A console application is any application that has a command-line or text-based interface and is designed to be used by a human user
on the command line. Applications need to be present in the standard PATH
.
The file described in this document is built upon the generic component metadata with fields specific for applications (see Section 2.1, “Generic Component”).
All tags valid for a generic component are valid for a console-application
component as well.
In order to enhance the available metadata about their application, projects shipping a console application can ship one or more metainfo files
in /usr/share/metainfo/%{id}.metainfo.xml
.
The basic structure for a generic component as described at Section 2.1.3, “XML Specification” applies.
Note that the XML root must have the type
property set to console-application
, while in a generic component this
property can be omitted. This clearly identified this metainfo document as describing an application.
The following list describes tags for console-application
upstream metadata and provides some additional information about the values
the tags are expected to have.
If no information is given about a tag, refer to the respective tag in Section 2.1, “Generic Component”.
For console applications, the <id/>
tag value must follow the AppStream ID naming conventions (it should be a reverse-DNS name).
The <metadata_license/>
tag as described in <metadata_license/> must be present.
A name
must be present for console applications.

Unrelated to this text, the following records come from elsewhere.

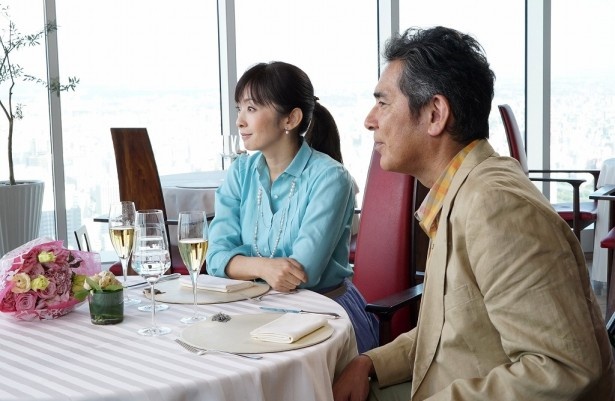 平凡で穏やかな深谷夫妻。家庭には何の不満もない桜子(斉藤)だが、どこか物憂げな眼差し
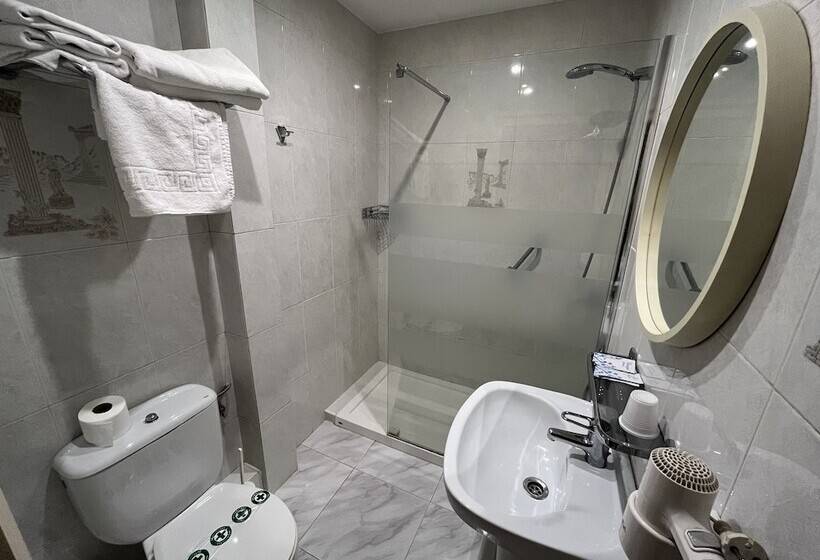 膳宿费 Hostal Tarres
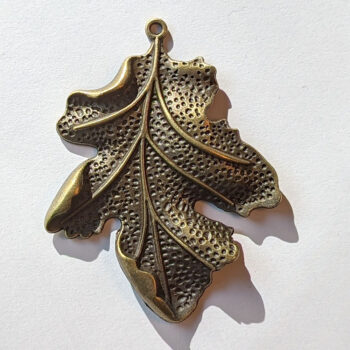 Large Detailed Veined Leaf Pendant Antique Bronze - Image 4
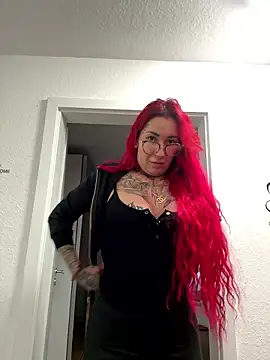 Mia-Fuchs online show from 01-08-26, 02:19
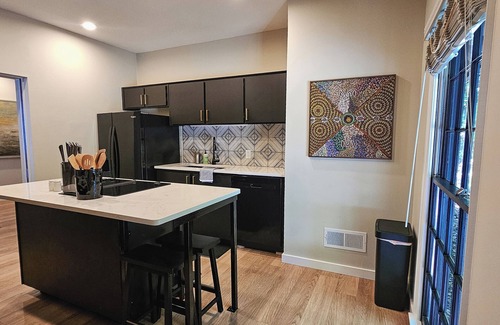 Statesboro Casa | Three private master bedrooms located minutes from GSU campus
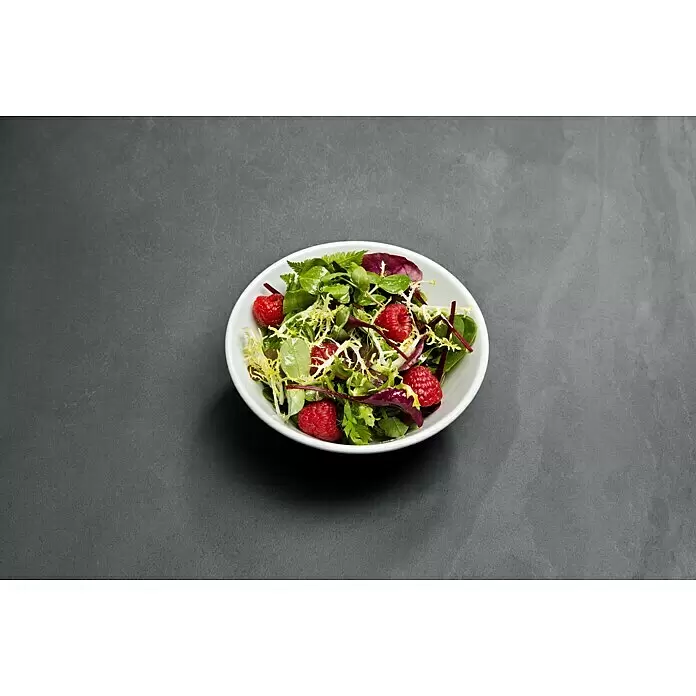 Weber Schüssel Porzellan - Keramik, Ø x H: 14 x 5 cm - Frischer gemischter Salat mit leuchtend roten Himbeeren in einer weißen Schale.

See <name/> for a detailed description of this tag.
A summary
must be present for console applications. See <summary/> for a detailed description of this tag.
This tag is described in detail for generic components at <provides/>.
For console applications, at least one provided <binary/>
must be listed in this tag.
For a component of type console-application
, the following tags are required and must always be present: <id/>,
<metadata_license/>, <name/>, <summary/>, <provides/> ↪ <binary/>.